In the semiconductor chip 30, according to an embodiment, a redistribution level layer RDL may be further formed on the back end level layer BEOL on the semiconductor substrate 100. Alternatively or additionally, a bump pad 360 may be formed, which may penetrate through the redistribution level layer RDL and/or may be electrically connected to the redistribution level layer RDL. In an embodiment, a solder bump 370, which may be and/or may include an external connection terminal, may be formed on the bump pad 360. Therefore, wiring configurations of the semiconductor chip 30 may be increased by using the redistribution level layer RDL.

In an embodiment, the first transistor TR1 and the second transistor TR2 of the semiconductor chip 30 that may constitute the integrated circuit layer 120 may be formed on the semiconductor substrate 100. Alternatively or additionally, the first bundle 301BD of the plurality of first through via structures 301 and the second bundle 302BD of the plurality of second through via structures 302 may be formed around the first transistor TR1 and the second transistor TR2.

The semiconductor chip 30, according to embodiment, may have via insulation layers 311 and 312 having different thicknesses.

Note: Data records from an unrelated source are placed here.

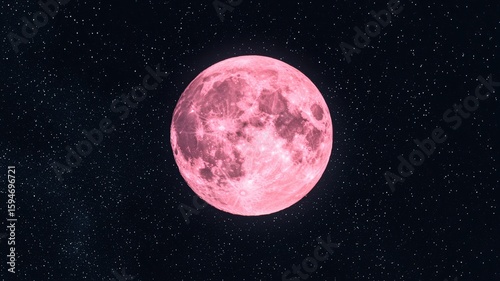 Pastel Halloween theme idea. Pink moon against a starry black background.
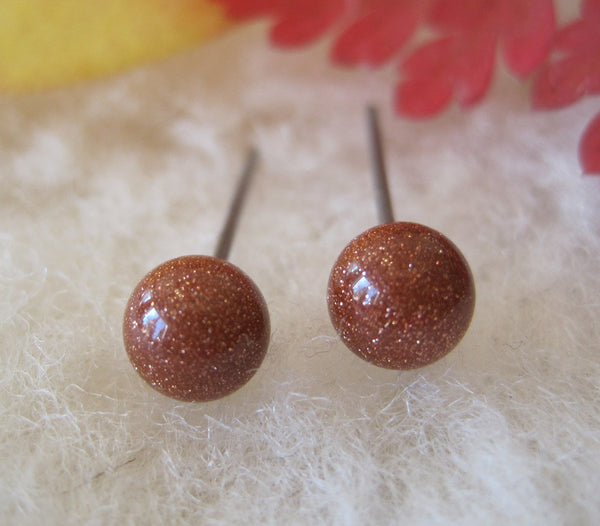 Goldstone Gemstone, Large (Niobium, Titanium, or Surgical Steel Stud Earrings) - Pretty Sensitive Ears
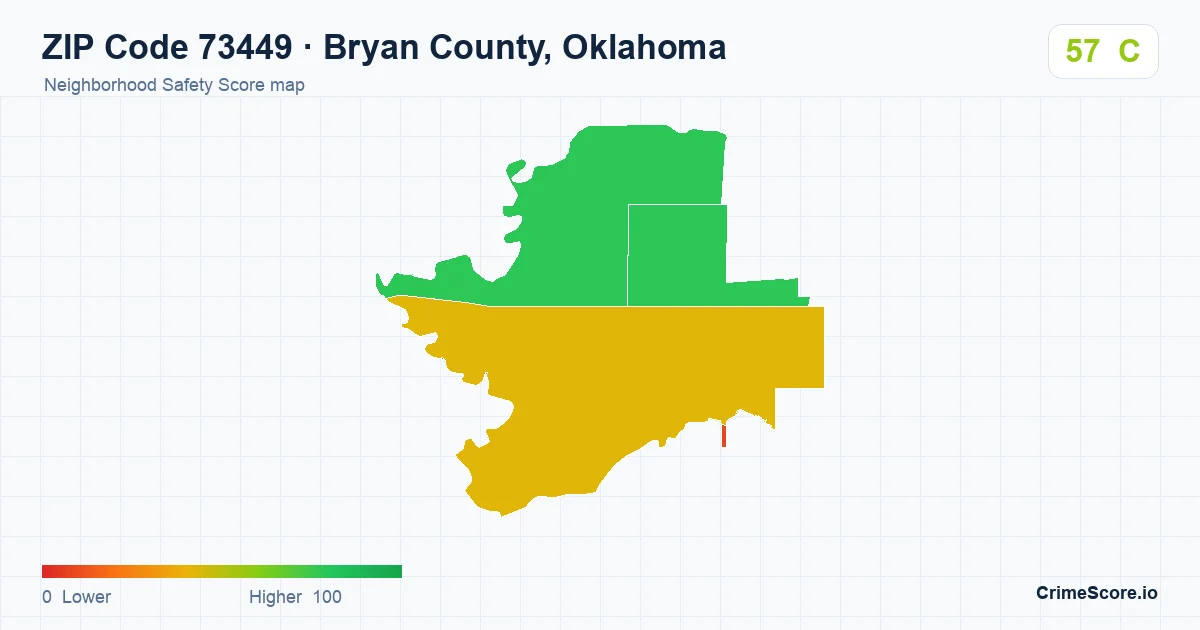 ZIP Code 73449 in Bryan County, Oklahoma neighborhood Safety Score map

Consequently, the resistance of the semiconductor chip 30 may be adjusted by using the first through via structures 301 connected to the lowermost portion of the back end level layer BEOL and/or the second through via structures 302 connected to the middle portion of the back end level layer BEOL.

Furthermore, the semiconductor chip 30, according to an embodiment, may potentially reduce and/or may prevent performance deterioration of the integrated circuit layer 120 by using the first bundle 301BD of the plurality of first through via structures 301 and the second bundle 302BD of the plurality of second through via structures 302 in the first keep out zone KOZ1 and the second keep out zone KOZ2.

FIG. 10 is a flowchart showing a method of manufacturing a semiconductor chip, according to an embodiment.

Referring to FIG. 10, a method S10 of manufacturing a semiconductor chip may include operations S110 to S180.

In an embodiment that may be implemented otherwise, particular operations may be performed in an order different from that described below. For example, two successively described operations may be performed substantially and simultaneously and/or may be performed in an order opposite to the order described below.

The method S10 of manufacturing a semiconductor chip, according to the present disclosure, may include a first operation S110 of forming a front end level layer on a semiconductor substrate, a second operation S120 of forming a plurality of first via holes by etching the front end level layer and the semiconductor substrate, a third operation S130 of forming a plurality of first through via structures by filling the plurality of first via holes, a fourth operation S140 of forming a first back end level layer on the front end level layer, a fifth operation S150 of forming a plurality of second via holes by etching the first back end level layer, the front end level layer, and the semiconductor substrate, a sixth operation S160 of forming a plurality of second through via structures by filling the plurality of second via holes, a seventh operation S170 of forming a second back end level layer on the first back end level layer, and an eighth operation S180 of forming an upper pad on the second back end level layer and polishing the bottom surface of the semiconductor substrate.

The technical features of first to eighth operations S110 to S180 are described with reference to FIGS. 11 to 16.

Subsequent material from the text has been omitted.